* _What you have to do_
Print the entries exactly; no image belongs in the copy.
▼
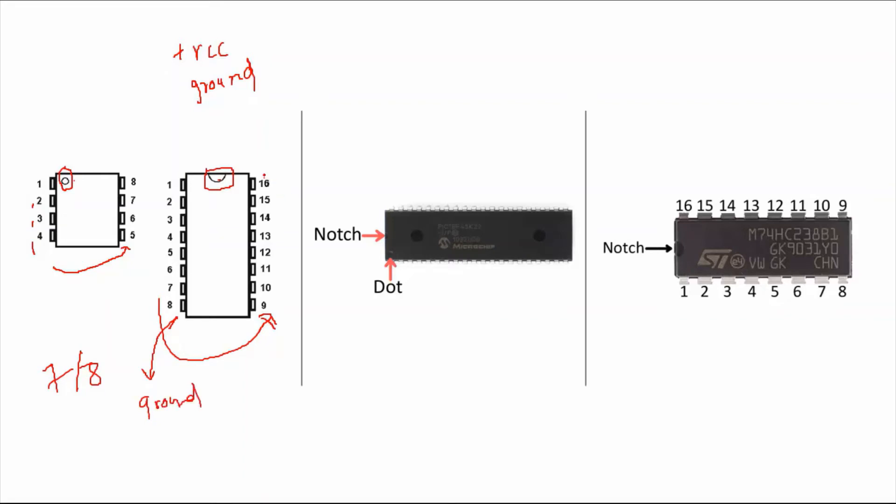But most of those chips have only seven pins on one side and seven pins on the other side, which means here that ends with seven and here that ends with 14. But again, looking at the data sheet is very essential to know about the role of each pin and to know about where we can connect the plus VCC and where we can connect the ground.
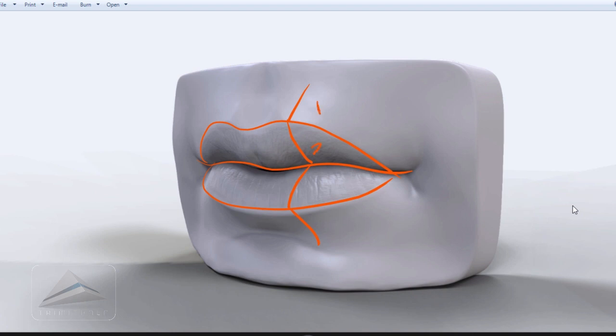So plane number one, plane number two, plane number three, and plane number four. First of all I will do the blocking in Maya with these four planes and gradually I am going to add the anatomy to it.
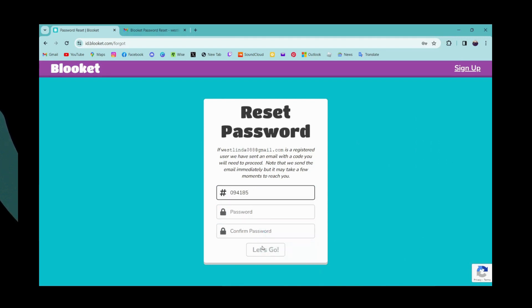Then you can simply go for let's go which is here. After clicking on that you will reset your password. That's it, it was that easy to reset your password on Blooket. If you have any questions feel free to comment below. Thanks for watching.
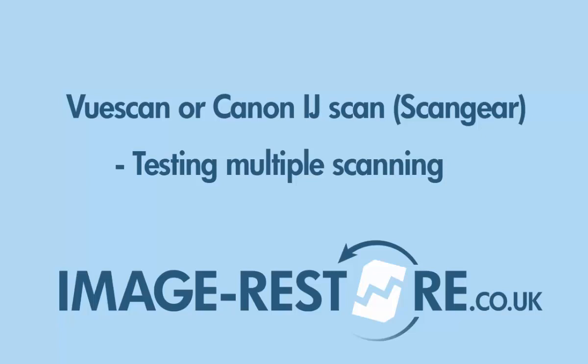Hi, it's Neil from ImageRestore here and today I'm going to compare two scanning softwares. That's VueScan and that's the software that pertains to be usable with just about any scanner and the Canon ScanGear utility or the IJ scan utility from Canon.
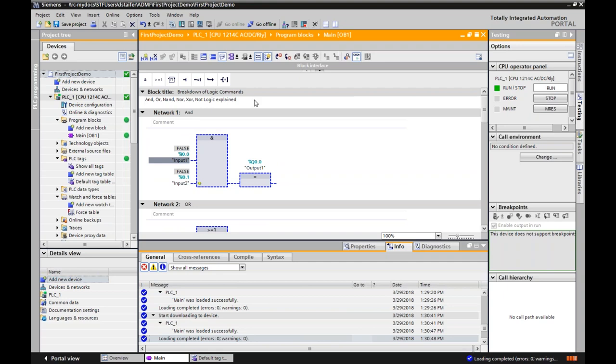In the next lecture, we'll talk about combining logic and actually doing things like sealing. Thank you for your time.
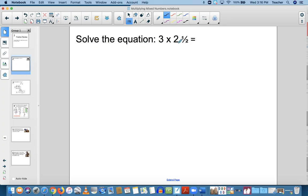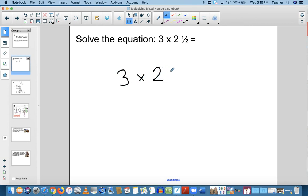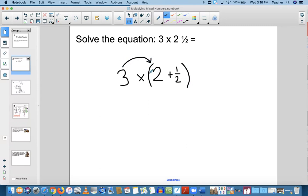Solve the equation: 3 times 2 and 1 half equals what? This time I'm going to model using the distributive property. So 3 times 2 and 1 half — I'm going to distribute 3 times 2 and 3 times 1 half.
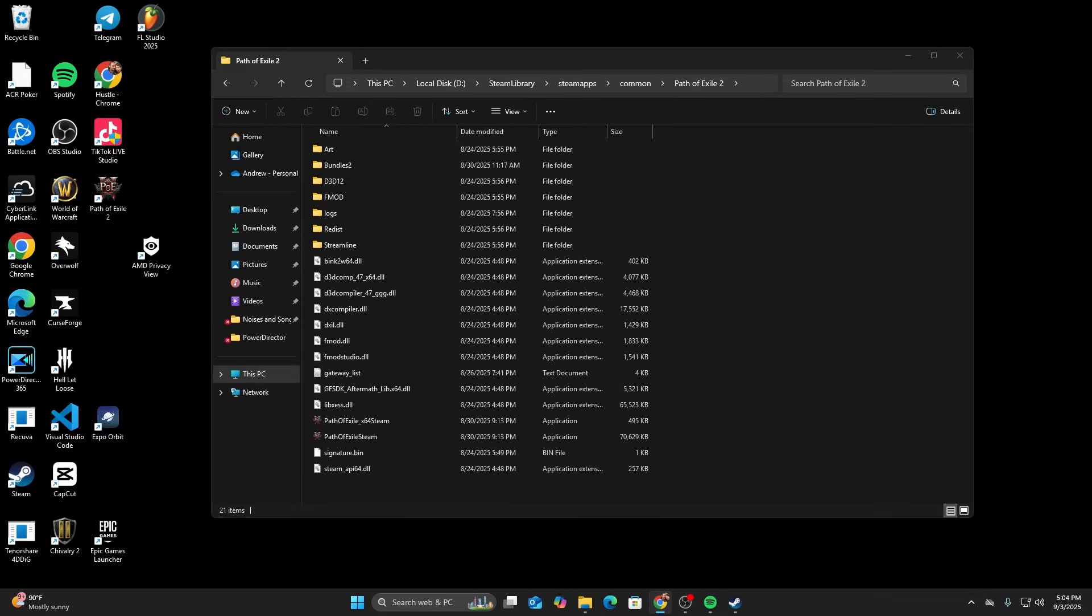When you first load into the game, you're going to get a minute, two minutes of really bad stuttering. This is because your shaders are recompiling. What I think is happening is the game is about 112 gigs to download and somewhere in there, your shader files or shader compiling is just not working correctly, which is causing the stutter. After about a minute of those new shaders loading in, you should have completely smooth gameplay.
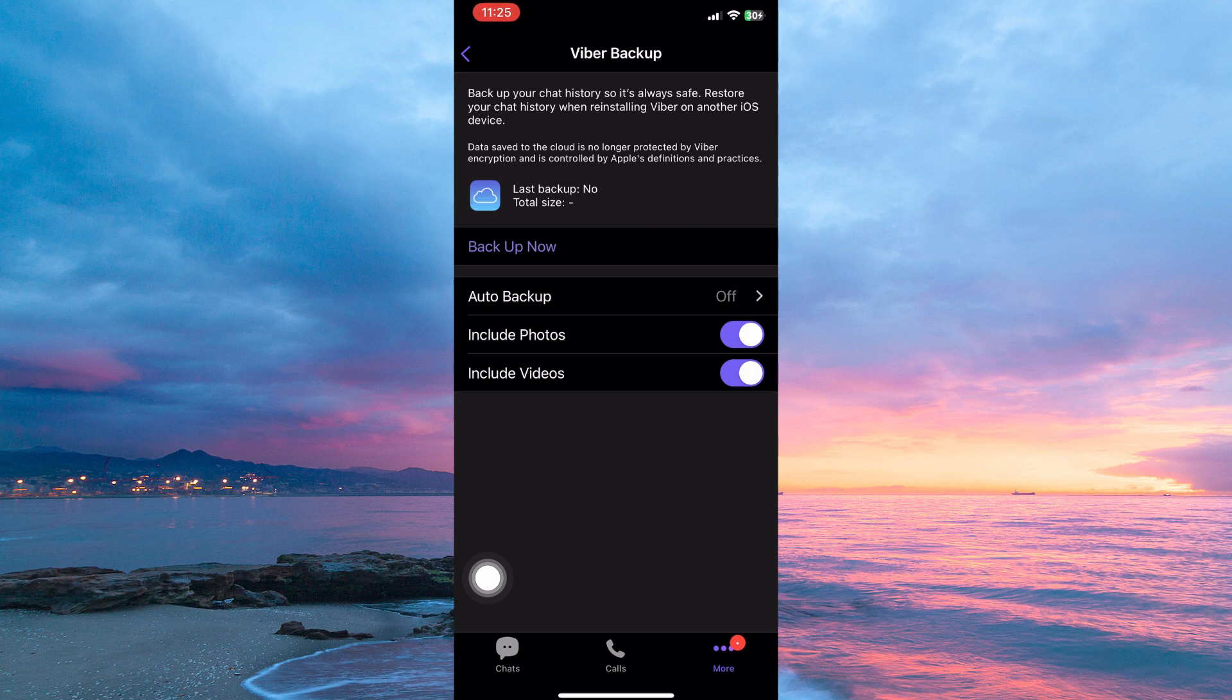And that is how to transfer Viber data to your new iPhone. Thank you for watching. If this video was helpful, please leave a like and subscribe to my channel for more videos like this. And click on that notification bell to never miss an update.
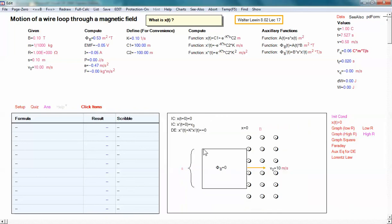Suppose we're given a wire loop — this rectangular-looking thing — that's entering into a magnetic field. It will slow down. Suppose it has an initial velocity of, let's say, 10 meters per second. It will actually slow down because of something called magnetic braking. So the problem is to determine the equation of motion for the motion of the wire loop through the field that comes about due to magnetic braking.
▲
* _Answer below_
But most of those chips have only seven pins on one side and seven pins on the other side, which means here that ends with seven and here that ends with 14. But again, looking at the data sheet is very essential to know about the role of each pin and to know about where we can connect the plus VCC and where we can connect the ground.
So plane number one, plane number two, plane number three, and plane number four. First of all I will do the blocking in Maya with these four planes and gradually I am going to add the anatomy to it.
Then you can simply go for let's go which is here. After clicking on that you will reset your password. That's it, it was that easy to reset your password on Blooket. If you have any questions feel free to comment below. Thanks for watching.
Hi, it's Neil from ImageRestore here and today I'm going to compare two scanning softwares. That's VueScan and that's the software that pertains to be usable with just about any scanner and the Canon ScanGear utility or the IJ scan utility from Canon.
In the next lecture, we'll talk about combining logic and actually doing things like sealing. Thank you for your time.
Solve the equation: 3 times 2 and 1 half equals what? This time I'm going to model using the distributive property. So 3 times 2 and 1 half — I'm going to distribute 3 times 2 and 3 times 1 half.
When you first load into the game, you're going to get a minute, two minutes of really bad stuttering. This is because your shaders are recompiling. What I think is happening is the game is about 112 gigs to download and somewhere in there, your shader files or shader compiling is just not working correctly, which is causing the stutter. After about a minute of those new shaders loading in, you should have completely smooth gameplay.
And that is how to transfer Viber data to your new iPhone. Thank you for watching. If this video was helpful, please leave a like and subscribe to my channel for more videos like this. And click on that notification bell to never miss an update.
Suppose we're given a wire loop — this rectangular-looking thing — that's entering into a magnetic field. It will slow down. Suppose it has an initial velocity of, let's say, 10 meters per second. It will actually slow down because of something called magnetic braking. So the problem is to determine the equation of motion for the motion of the wire loop through the field that comes about due to magnetic braking.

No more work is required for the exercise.